Women were given inclusion into the state apparatus by the zhenotdel and to some of the state’s ideological apparatuses; new laws, programs, and educational opportunities, began to grant greater incorporation of women. Yet it is important to note that these reforms and changes were not complete and therefore did not lead to a sustainable social revolution because the Party actively crusaded against feminism and a redefinition of social relations. The Communist Party argued that there was no need for working with women and men in regards to issues of sex, marriage, and family because once there was a “dictatorship of the proletariat” men and women are just equal. The justification for this came from an interpretation of The Communist Manifesto in which such phrases as, “The proletariat, the lowest stratum of our present society, cannot stir, cannot raise itself up, without the whole superincumbent strata of official society being sprung into the air.”11 Which could be understood as once the proletariat had risen up all of society had changed. As Lenin saw it, the Bolshevik Party was the solution to creating equality and ending oppression:
Must I again swear to you, or let you swear, that the struggles for our demands for women must be bound up with the object of seizing power, of establishing the proletarian dictatorship? That is our Alpha and Omega at the present time. That is clear, quite clear. But the women of the working people will not feel irresistibly driven into sharing our struggles for the state power if we only and always put forward that one demand, though it were with the trumpets of Jericho. No, no! The women must be made conscious of the political connection between our demands and their own suffering, needs, and wishes. They must realise what the proletarian dictatorship means for them: complete equality with man in law and practice, in the family, in the state, in society; an end to the power of the bourgeoisie.
12
However, this theory of the proletarian dictatorship seems to overlook the necessary withering away of the state for true proletarian emancipation from class as described in this later passage also from The Communist Manifesto where Marx writes:
When, in the course of development, class distinctions have disappeared, and all production has been concentrated in the hands of a vast association of the whole nation, the public power will lose its political character. Political power, properly so call, is merely the organized power of one class for oppressing another. If the proletariat during its contest with the bourgeoisie is compelled, by the force of circumstances, to organize itself as a class, if, by means of revolution, it makes itself the ruling class, and as such sweeps away by force the old conditions of production, then it will, along with these conditions, have swept away the conditions for the existence of class antagonisms and of classes generally, and will thereby have abolished its own supremacy as a class.

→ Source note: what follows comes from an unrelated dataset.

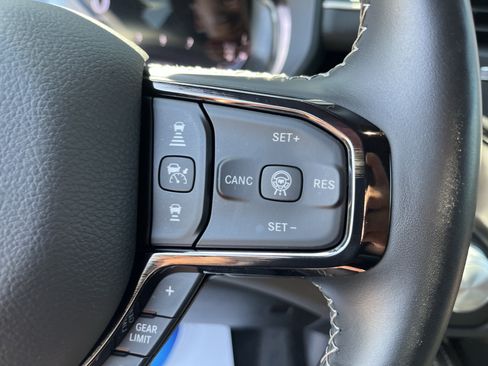 Used 2025 RAM 1500 Limited AWD/4WD image 22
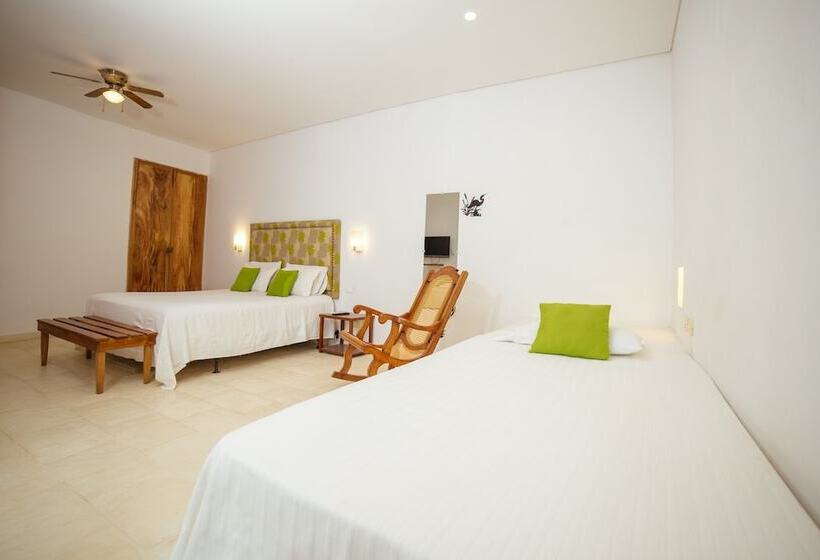 غرفة سوبيريور ثلاثية, Bioma Boutique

In place of the old bourgeois society, with its classes and class antagonisms, we shall have an association, in which the free development of each is the condition for the free development of all.
13
In fact, this statement implies that so long as the dictatorship of the proletariat exists, or a beaucratic party such as the Bolsheviks - so long as any state continues to exist - the fundamental forms of power and patriarchy have not been entirely destroyed. It is one thing to make a law stating men and women are equal it is still another to establish the economic and social programs to make this a reality. For example, even though women were almost the majority in many trade unions, they still did not hold a representative showing on the trade council, such as in Petrograd where they were only 13% of the council staff.14 Another way in which this reductionist view of the complexity of the social relations between men and women played out can be seen in the progressive initiatives leading up to 1921 followed by the subsequent liquidation of many women’s sections because of the other more ‘pressing’ issues that developed and the initiation of the New Economic Policy (NEP). By declaring the Women Question over, they avoided putting it into the NEP, effectively destroying the power of women at a state level by removing it from the agenda.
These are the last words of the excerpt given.